An appealing 1770 map of the Western Roman Empire by Jean- Baptiste-Claude Delisle de Sales. The map covers the western portion of the Roman Empire from Portugal to the Adriatic Sea and from Britain to northern Africa. It includes the modern day nations of the United Kingdom, Ireland, Germany, Netherlands, Belgium, France, Spain, Portugal, Italy, Switzerland, Austria, Czech Republic, and the northern parts of Morocco, Algeria, and Tunisia. The map identifies several important cities and towns and uses archaic names throughout. Rivers, islands, and other topography is noted with mountains rendered in profile.
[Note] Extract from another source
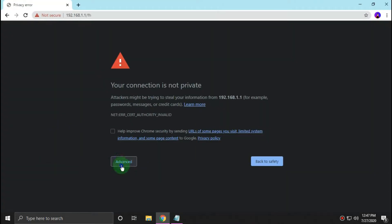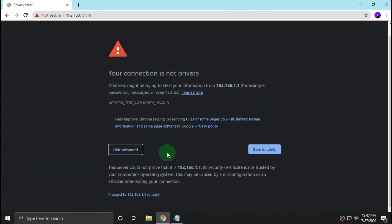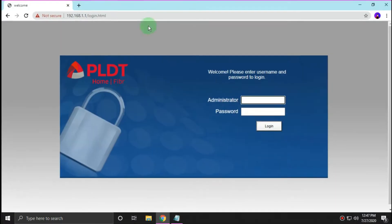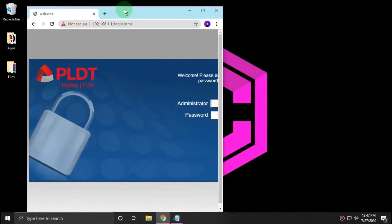If you encounter this, just click advance and proceed. And then you need to log in your default super admin account.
The Roman Empire was established in 27 BC after Gaius Julius Caesar Octavianus, the grandnephew and heir of Julius Caesar was awarded the honorific title of Augustus. During the time of the Empire, Roman cities flourished. Trade spread as far as India, Russia, China and Southeast Asia. However, the sheer size of the empire and its success also contributed to its downfall. After the death of Theodosius I, the Empire was divided between his sons Honorius and Arcadius, who inherited the Western Roman Empire and the Eastern Roman Empire respectively. The Empire declined rapidly and finally collapsed in 476 AD, when Romulus Augustulus was deposed by the German Odovacer.
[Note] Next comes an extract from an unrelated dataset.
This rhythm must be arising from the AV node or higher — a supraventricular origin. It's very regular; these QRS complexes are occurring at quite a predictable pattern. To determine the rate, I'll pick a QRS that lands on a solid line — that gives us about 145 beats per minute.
This map was issued as part of Delisle de Sales' Histoire des Hommes. Partie de l'Histoire Moderne. This volume is exceedingly rare as most of Sales' work was burnt under the censorship of heresy.
Cartographer
Jean-Baptiste-Claude Delisle de Sales or Jean-Baptiste Isoard de Lisle (1741–1816) was a French philosopher, historian, and accused heretic active in the late 18th century. Sales is best known for his publication of the multi-volume opus The Philosophy of Nature: Treatise on Human Moral Nature. The work, among other ideas, challenged the Biblical theory that the earth was created in 4004 BC. Instead, Sales put forth the theory based upon astronomical observations, that the earth was 140,000 years old. Sales' revolutionary ideas caused him to be declared a heretic by the Catholic Church. His publications were subsequently censored and, for the most part, destroyed. As a consequence all of his works are today extremely rare. Sales was also, notably, a close friend of Voltaire who in 1777 visited him in prison, gifting him 500 pounds towards his release. Delisle de Sales is unrelated to the more famous De L'Isle family of cartographers. More by this mapmaker...
Source
Delisle de Sales, Histoire des Hommes. Partie de l'Histoire Moderne, (Paris) 1770.
Very good. Minor wear along original fold lines. Original platemark visible. Blank on verso.